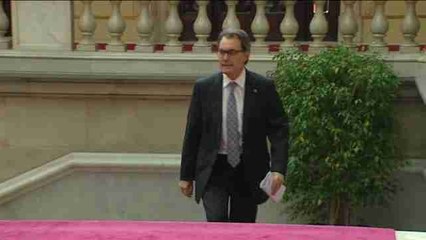 Mas se reúne con partidos soberanistas para decidir si sigue con la consulta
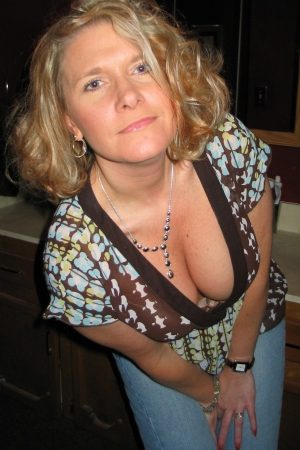 Une soirée nostalgique Marie - rencontre-Ronde-Nice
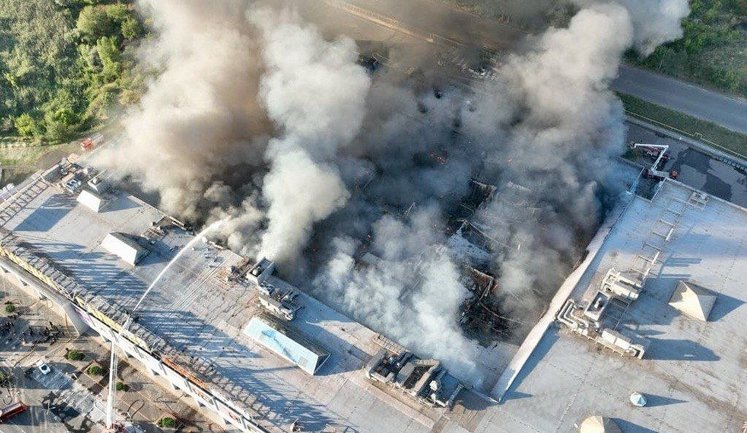 Рашисти атакували найбільший ТРЦ у Кривому Розі: 14 загиблих, 103 поранених, серед них – діти (оновлено)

Problem to work on | Every line from the one containing "Une soirée nostalgique" to the last line of the material must be returned exactly. Leave out any pictures.

Answer to this exercise |
 Une soirée nostalgique Marie - rencontre-Ronde-Nice
 Рашисти атакували найбільший ТРЦ у Кривому Розі: 14 загиблих, 103 поранених, серед них – діти (оновлено)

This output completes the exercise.